In his parting message to members of the group, Donoughue was highly critical of the decision.
In a letter to members of the group, Donoughue wrote: “After discussions with the chair it has become obvious that my services are no longer required.
“As I work, voluntarily, at the behest of the chair, there is nothing I can do about it and so my 15 years in the role must come to an end.
“During this time I have enjoyed myself thoroughly under the expert joint chairmanships of Baroness Golding and Lord Lipsey followed by an enormously fun decade under Philip Davies MP.
“As a group we have had a hugely influential impact on gambling policy and I feel proud to have been a part of it even if it was mostly just administratively.”
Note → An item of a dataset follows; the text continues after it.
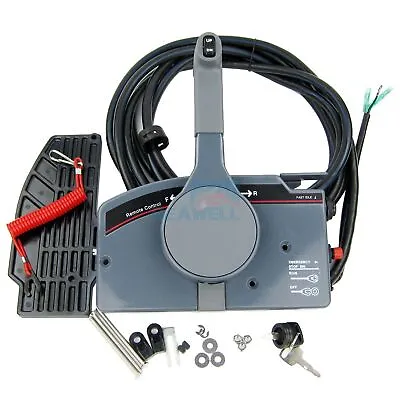 Boat Outboard Remote Control Box For Yamaha 10Pin Cable Left Right PUSH Throttle • $125.99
“The forces of prohibition and populism have never been stronger“
Donoughue’s departure comes as the UK government begins its review of gambling legislation with a view to introduce sweeping changes.
He wrote: “I think it is a crying shame that at this time when the expertise of the group is needed most, when the forces of prohibition and populism have never been stronger in their emotive and evidence-light attacks on a great industry and the potential of a massive black market explosion due to over-regulation, especially the fatally flawed concept of affordability, is imminent that the group has been effectively put in aspic and no longer has an independent voice.
“This may or may not be due to the new chair’s role as paid adviser to the Betting & Gaming Council (BGC), but it goes against the very nature of what the group was set up to be which was a forum for discussion about the gambling industry.”